While this does seem unreasonable, there are also possible ways to work around it. Surely you can still list skills you use on the job as long as you don't list those skills as responsibilities for your current job? Also, while your LinkedIn profile is public, and so your boss can track it, he can't stop you from privately providing your full resume including your job responsibilities to prospective employers.

I would bring up your concerns with your manager, and if you cannot convince him to change his mind, at the least, if you feel your job title is inaccurate, insist on updating it.


I've worked at places in the past that had requests about any public use of the company's name.

Effectively, if I was going to say I worked at a company in one place (eg, LinkedIn) then I would have to abide by company policy for publicly available statements anywhere else.

While certainly "onerous", this was neatly solved by just not saying i worked at the company anywhere.

I'm still unsure of the use of LinkedIn for jobs - I've never found one using this tool - so I myself would be happy to remove the data from my LinkedIn profile.

You should realise that if you're bandying about the company's name, then you're effectively (and informally) representing yourself as a company spoke person. If the company doesn't want you to reflect some data, then you just shouldn't.

So to that end, I don't see this as an unfair/odd/whatever request. You are using the company name to better present yourself - it is only fair that they have some say in how that name is used.
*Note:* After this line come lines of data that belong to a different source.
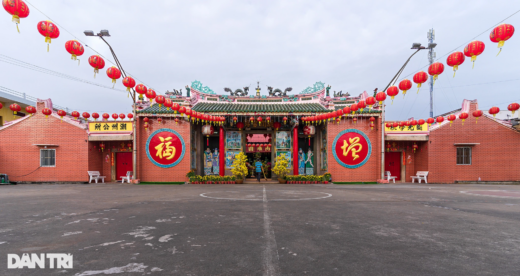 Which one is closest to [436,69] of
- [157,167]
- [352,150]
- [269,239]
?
[269,239]

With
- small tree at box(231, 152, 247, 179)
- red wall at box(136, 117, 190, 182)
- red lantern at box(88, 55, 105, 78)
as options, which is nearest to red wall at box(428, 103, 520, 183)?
small tree at box(231, 152, 247, 179)

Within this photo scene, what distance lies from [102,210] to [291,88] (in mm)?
15828

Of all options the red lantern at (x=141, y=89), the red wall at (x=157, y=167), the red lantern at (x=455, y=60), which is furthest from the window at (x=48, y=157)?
the red lantern at (x=455, y=60)

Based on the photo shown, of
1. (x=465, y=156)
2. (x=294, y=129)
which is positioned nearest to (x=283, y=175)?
(x=294, y=129)

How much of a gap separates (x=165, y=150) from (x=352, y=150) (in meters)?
13.9

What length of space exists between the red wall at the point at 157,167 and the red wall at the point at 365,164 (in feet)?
35.0

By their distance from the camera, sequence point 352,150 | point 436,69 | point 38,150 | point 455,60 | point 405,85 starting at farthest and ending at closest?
point 352,150, point 38,150, point 405,85, point 436,69, point 455,60

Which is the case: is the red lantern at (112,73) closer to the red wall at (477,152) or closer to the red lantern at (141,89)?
the red lantern at (141,89)

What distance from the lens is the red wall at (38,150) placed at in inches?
649

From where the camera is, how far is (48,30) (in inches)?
267

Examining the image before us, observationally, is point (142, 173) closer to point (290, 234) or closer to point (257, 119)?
point (257, 119)

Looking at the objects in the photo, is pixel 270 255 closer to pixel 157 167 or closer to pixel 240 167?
pixel 240 167

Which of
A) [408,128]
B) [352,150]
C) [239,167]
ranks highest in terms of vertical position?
[408,128]

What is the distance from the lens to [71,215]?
20.4ft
If they want to go dark, that is their call. Anyway, your job title should almost always capture your job responsibilities (I cannot think of one that doesn't!) so I'm unsure what you think you're missing out on.

If you really don't like it, start job-hunting. If you're planning on staying, your LinkedIn profile hardly matters anyway. At the end of the day, this is a really, really trivial thing to draw a line in the sand over. Draw lines in the sane on pay, or holidays, or maternity leave, or hours worked, not this!

  • Actually, quite a lot of people find jobs (or rather have jobs find them) through LinkedIn. It is an increasingly important way to get leads and be found.
    – teego1967
    Sep 2, 2015 at 23:36
  • For what it's worth, my current job title ("Lead developer") doesn't really reflect my current responsibilities (an R&D role). In my case, that's due to working for a small company and nobody having gone through the paperwork to change my title, but it just showed that it can happen. Sep 3, 2015 at 5:58
  • My role is something like "junior IT specialist". What do I deal with - java programming, databases, system administration? Job title is often not enough.
    – Karolina
    Nov 30, 2015 at 10:12

It is an absolutely unreasonable request. It is also a very lazy "blanket" request to a large number of people without much thought towards how such policies will be perceived by people who can easily choose to work elsewhere.

The best response is to leave your profile "as-is" and only consider editing it if you are later individually asked to make a change. Even then, you can probably get away with omitting a few specific details rather than limiting your entry to job-title.

The reason they are asking employees to do this is most likely a very ham-fisted reaction to some incidents of poaching by recruiters. As such, they'll probably think twice about disciplining someone for not complying-- after all, they're using this policy as a lame attempt to increase retention (and not get rid of people).


I think there are some good answers here but I would like to address
"LinkedIn as a personal tool"

Yes LinkedIn is a personal tool but it is their business and their business name. You put their business name on your LinkedIn and they have rules about how they want their business represented to the public. You may not like the rules but you are using their business name.

Yes it makes it more difficult for employees to express their capabilities but they are not interested in helping you find yout next job.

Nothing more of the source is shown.